## Brief:
Output, word for word, the lines of this listing that fall between the line with "成都新東方千禧大酒店內(nèi)，曾銷售假冒LV產(chǎn)品的店鋪" and the line with "2026 Honda Civic Hatchback Sport - Photo 25", counting both of those lines, and no others.

## Data supplied:
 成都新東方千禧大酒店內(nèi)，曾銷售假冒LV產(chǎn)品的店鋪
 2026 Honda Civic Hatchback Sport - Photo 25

...

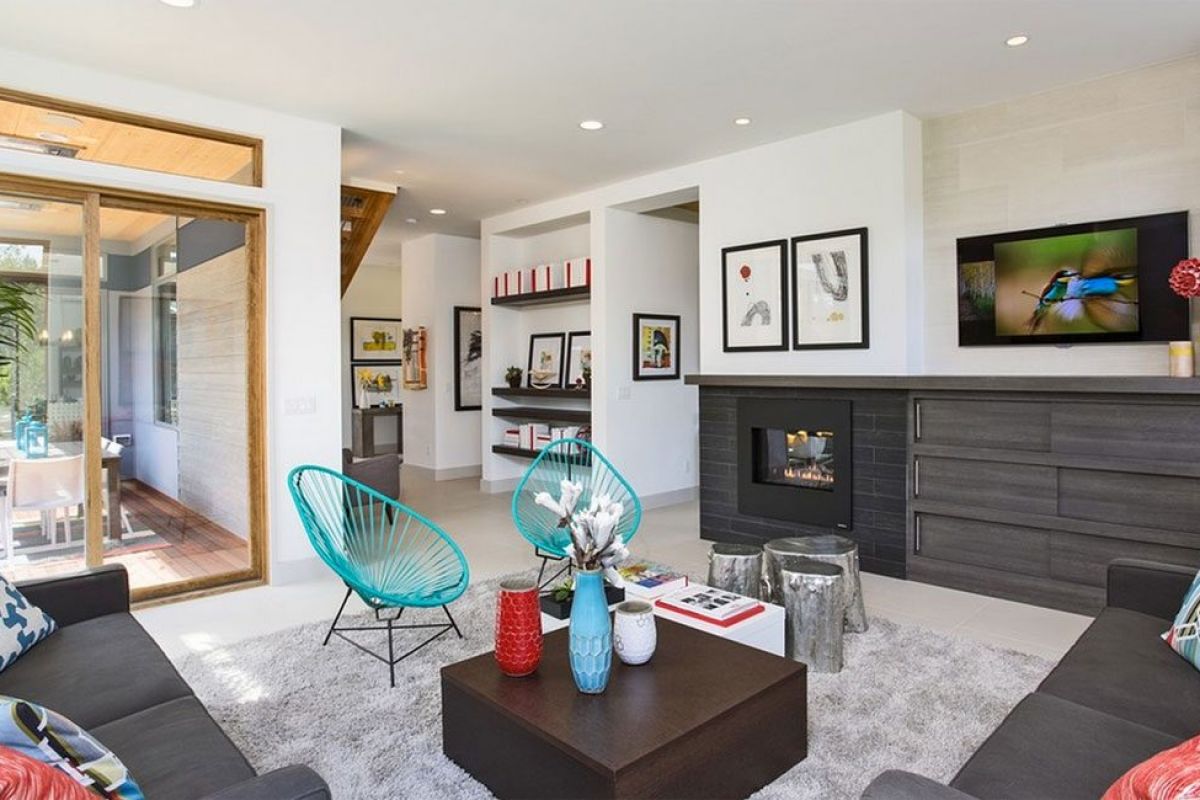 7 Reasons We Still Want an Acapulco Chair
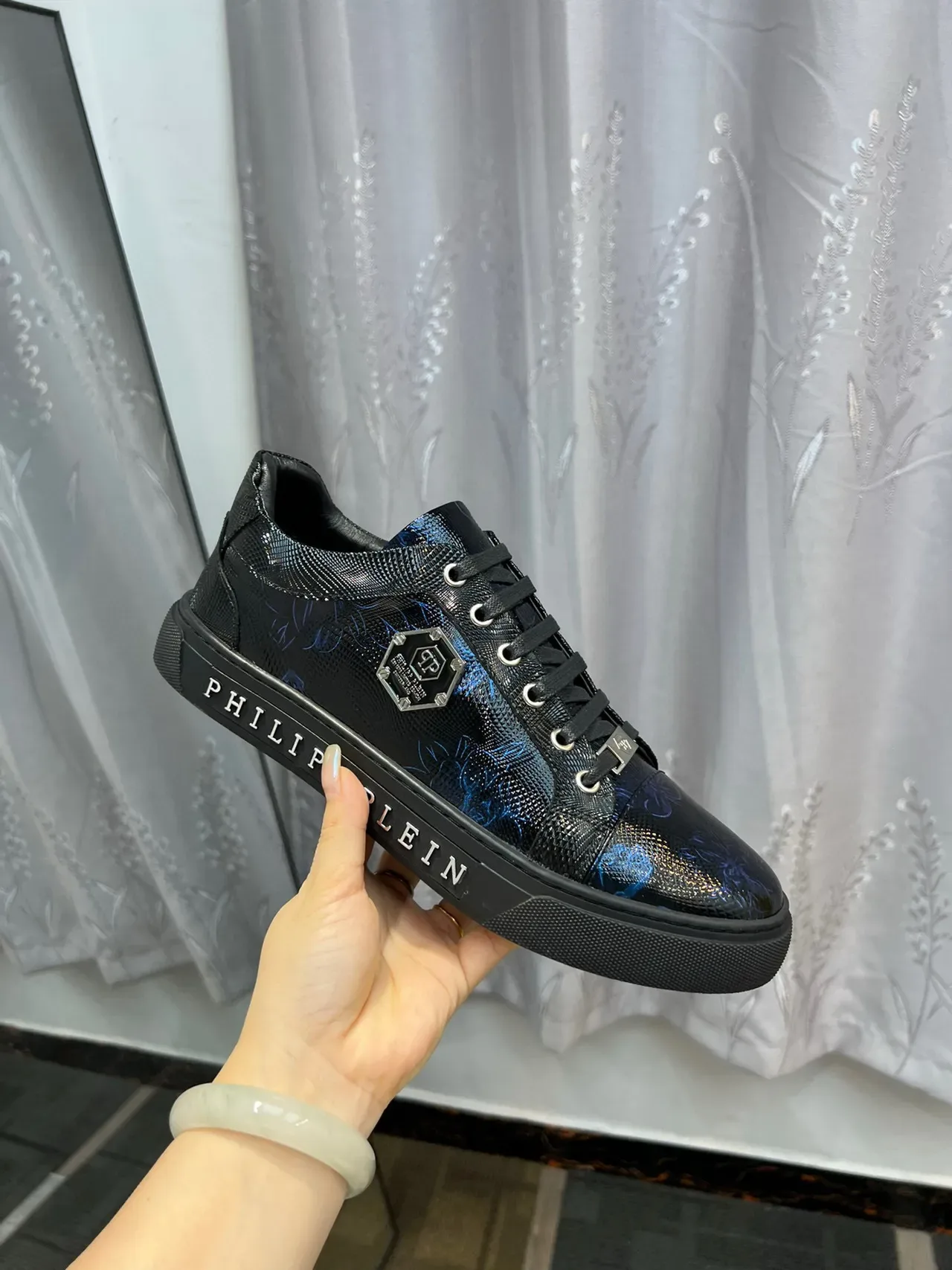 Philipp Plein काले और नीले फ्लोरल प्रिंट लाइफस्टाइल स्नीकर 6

--

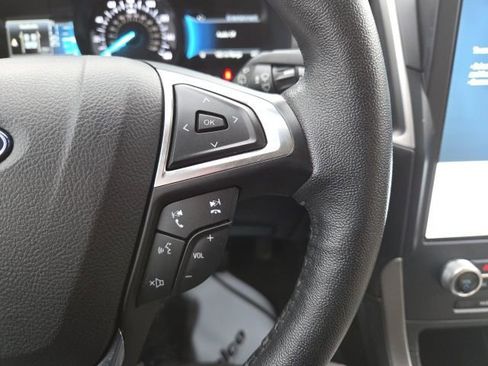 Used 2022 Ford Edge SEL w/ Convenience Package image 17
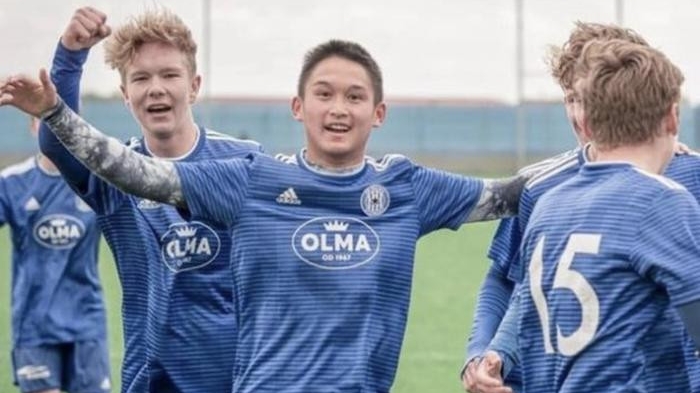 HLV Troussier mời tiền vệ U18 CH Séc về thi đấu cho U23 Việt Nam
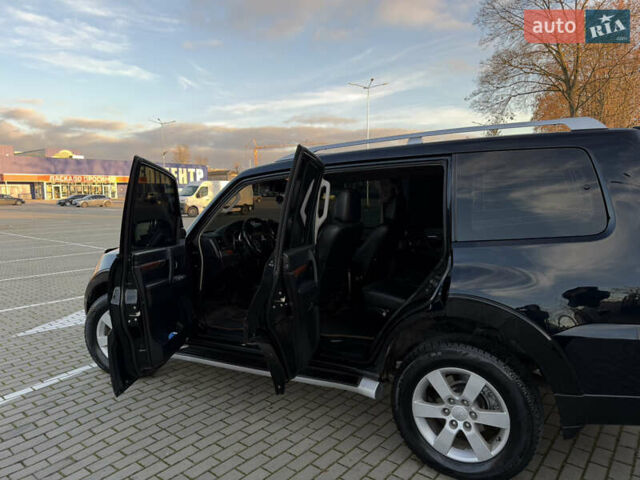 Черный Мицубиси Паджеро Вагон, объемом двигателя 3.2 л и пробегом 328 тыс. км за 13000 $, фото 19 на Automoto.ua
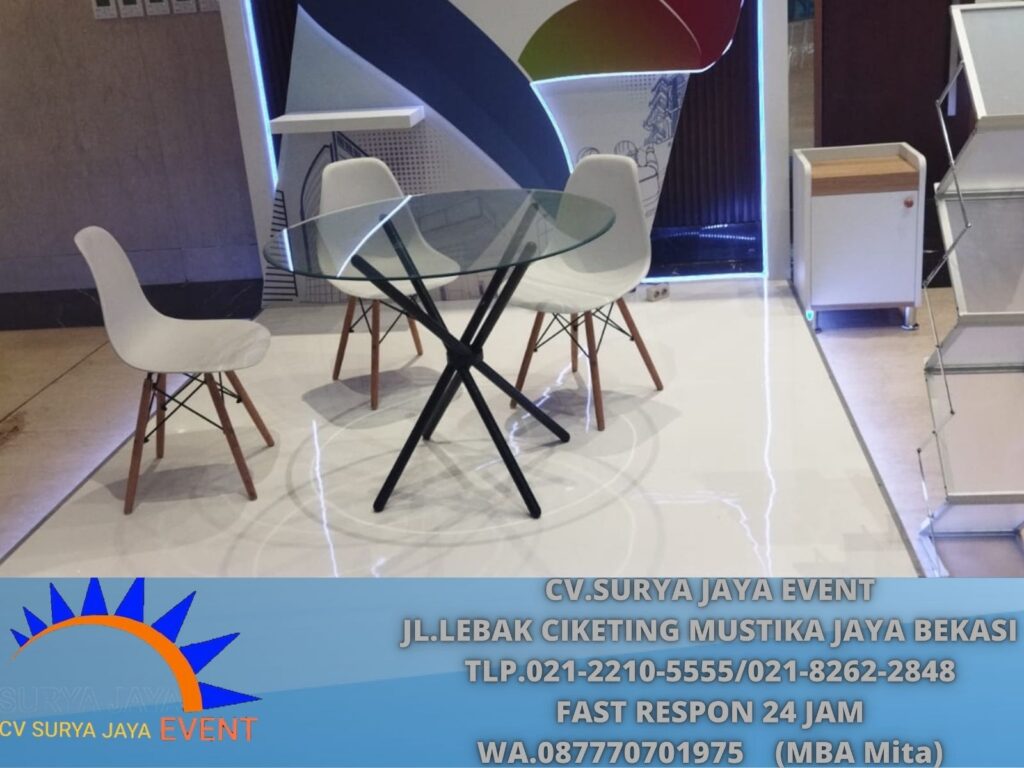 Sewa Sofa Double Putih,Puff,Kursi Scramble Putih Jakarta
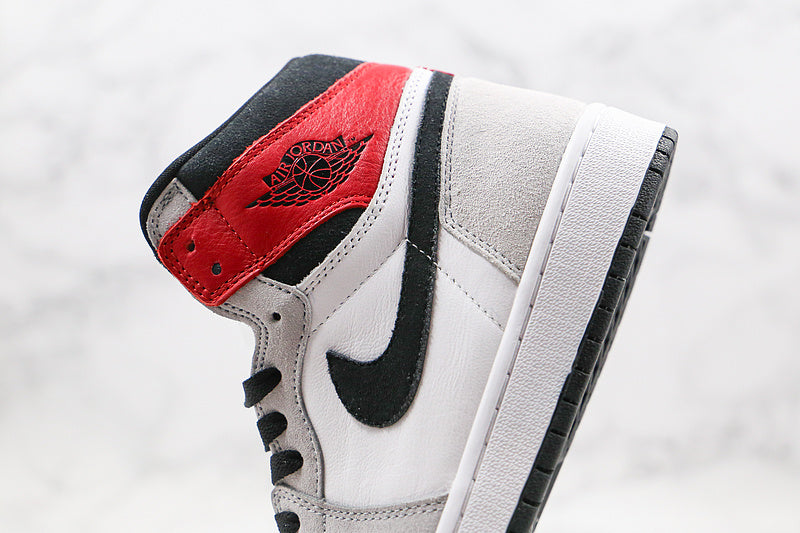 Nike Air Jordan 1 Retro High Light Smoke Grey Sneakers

## Solved exercise:
 成都新東方千禧大酒店內(nèi)，曾銷售假冒LV產(chǎn)品的店鋪
 2026 Honda Civic Hatchback Sport - Photo 25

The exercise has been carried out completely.